How on earth did Ron Howard hope to succeed where Peter Weir failed? Hubris,
I suppose. Ron Howard’s done a guest shot on “The Simpsons” (along with those
other giants of the silver screen, Alec Baldwin and Kim Basinger) and Peter Weir
hasn’t. But for those of us not giddy with success, however, the idea that Opie
could do basically the same thing that Weir did in The Truman Show and
look anything but bad in comparison is wildly delusional. But that is what he
has done in Ed-TV, another assault on the concept of the ordinary guy
with an ordinary life who becomes a television star. True, Howard loses the
cumbersome device of the star’s ignorance that he is a star—or is
even on TV—and with it all the metaphysical and analogical dimension of
The Truman Show. There is no God figure here, no meditation on freedom or
individualism. There’s just a dumb slob called Ed (Matthew McConaughey) who
thinks he’d like to be a celebrity, improbably becomes one, then decides that on
the whole he doesn’t like it. In the end he’s still a dumb slob.
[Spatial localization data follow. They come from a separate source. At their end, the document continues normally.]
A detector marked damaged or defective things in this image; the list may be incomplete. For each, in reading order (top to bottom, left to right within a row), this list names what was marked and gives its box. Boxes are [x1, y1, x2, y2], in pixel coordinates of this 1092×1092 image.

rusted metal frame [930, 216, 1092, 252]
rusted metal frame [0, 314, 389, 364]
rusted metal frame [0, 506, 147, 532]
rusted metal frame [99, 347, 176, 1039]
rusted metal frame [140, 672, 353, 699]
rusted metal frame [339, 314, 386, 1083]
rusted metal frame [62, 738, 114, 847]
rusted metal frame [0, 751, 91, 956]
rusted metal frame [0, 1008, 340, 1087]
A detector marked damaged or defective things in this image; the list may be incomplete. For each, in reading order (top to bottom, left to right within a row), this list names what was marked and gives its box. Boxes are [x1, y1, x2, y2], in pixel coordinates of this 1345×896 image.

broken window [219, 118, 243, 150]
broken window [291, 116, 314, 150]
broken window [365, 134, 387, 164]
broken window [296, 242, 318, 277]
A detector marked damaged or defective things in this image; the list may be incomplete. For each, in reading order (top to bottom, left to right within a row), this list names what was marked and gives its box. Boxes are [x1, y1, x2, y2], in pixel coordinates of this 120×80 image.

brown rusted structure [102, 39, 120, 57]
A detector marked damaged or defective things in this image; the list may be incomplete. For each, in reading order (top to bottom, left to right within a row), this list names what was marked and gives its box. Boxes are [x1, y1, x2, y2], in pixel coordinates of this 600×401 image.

This is an important fact because, for me anyway, it made Ed very hard to
like. In short, he is a jerk. Not as much of a jerk as his older brother, Ray
(Woody Harrelson), but still a jerk. In fact, he is to start out with pretty
much the same kind of jerk that most celebrities are: that is, a narcissist with
exhibitionist tendencies but no discernible talent, the sort of guy who imagines
that everybody else is as goofy as he is and must be, therefore, amused by his
goofiness. So far from being the ordinary guy picked out of the crowd, this man
was born to be a celebrity and was just waiting for some sleazy TV producers to
come along and recognize the fact, which duly happens.
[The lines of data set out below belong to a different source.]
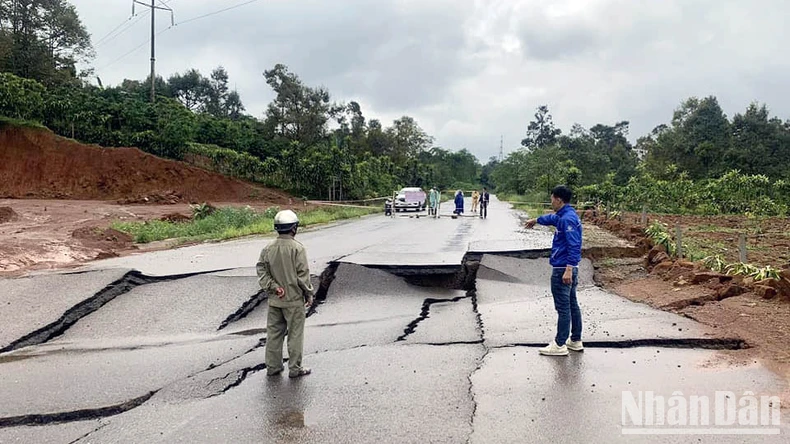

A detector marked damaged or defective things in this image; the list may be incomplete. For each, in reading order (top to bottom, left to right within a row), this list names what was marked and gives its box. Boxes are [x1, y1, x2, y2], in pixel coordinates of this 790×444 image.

cracked asphalt road [0, 199, 788, 444]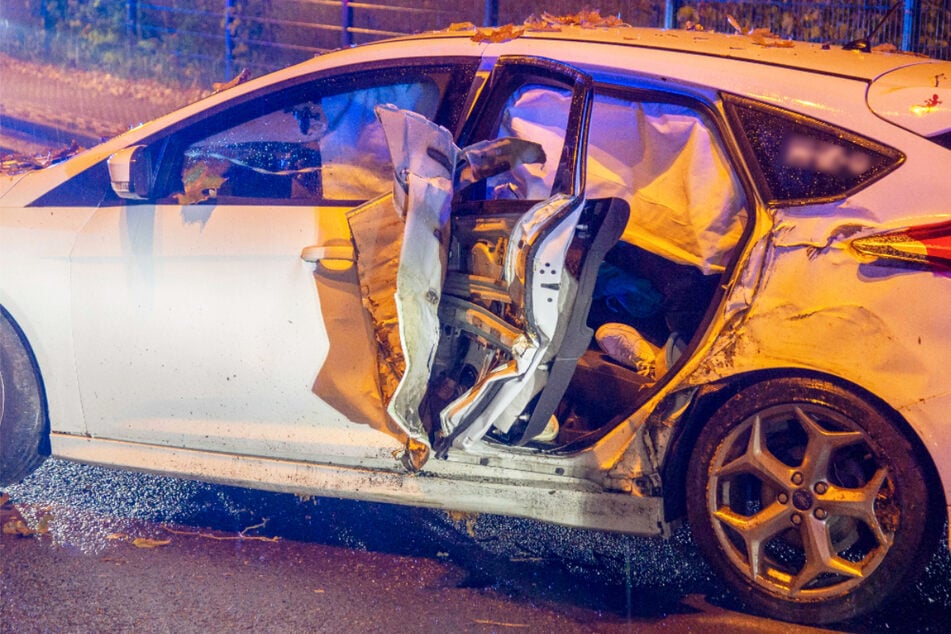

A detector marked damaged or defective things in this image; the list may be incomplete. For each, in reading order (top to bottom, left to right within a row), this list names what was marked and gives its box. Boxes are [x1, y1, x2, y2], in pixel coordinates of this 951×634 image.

crushed car door [350, 58, 632, 464]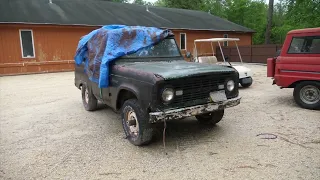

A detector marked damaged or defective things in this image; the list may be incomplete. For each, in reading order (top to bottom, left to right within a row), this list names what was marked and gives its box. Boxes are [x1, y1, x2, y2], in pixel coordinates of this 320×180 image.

rusty abandoned suv [74, 34, 240, 146]
corroded bumper [149, 96, 240, 123]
The sleazy television producers are there to make him look good by looking
really bad themselves. The creative genius behind the show, Cynthia Topping
(Ellen DeGeneres), is so completely without a life of her own that she passes
the time away by brushing her dog’s teeth, while her boss, Mr Whittaker (Rob
Reiner), is way over-familiar as the studio executive with the massive belly and
the even more massive ego. When Ed falls in love, soap opera style, with his
brother’s girlfriend, Shari (Jenna Elfman), while his father (Dennis Hopper) who
abandoned the family when Ed was 12 returns, we see at once what is going on:
real life, you see, imitates art. Or at least it imitates TV soap opera. Isn’t
that a scream? The huge nationwide audience that tunes in to see real-Ed watches
his doings as if he were just a character on “Days of Our Lives” and they
don’t know the difference
. Maybe we begin to forget it ourselves.

But of course we don’t. Not for a single moment. Like the fictional watchers
of Ed up there on the screen, we know exactly what is going to happen: boy will
lose girl, boy’s head will be turned by celebrity, boy will see how phony his
life has become and, finally, boy will get girl back again. Meanwhile, the less
sleazy and pompous of the two main network people will become
conscience-stricken and quit her job while the more s. and p. of the two will be
publicly humiliated. Because it is so obviously a movie, with a movie’s plot and
none but moviemakers’ idea of real people in it, we are not remotely tempted by
the imposture that it is real life, on which the movie’s humor ultimately
depends. Not that it is not potentially a good joke to look at real life as a
sort of disease of the media. But viewers of Ed-TV are unlikely to be
able forget that, in fact, it is the other way round.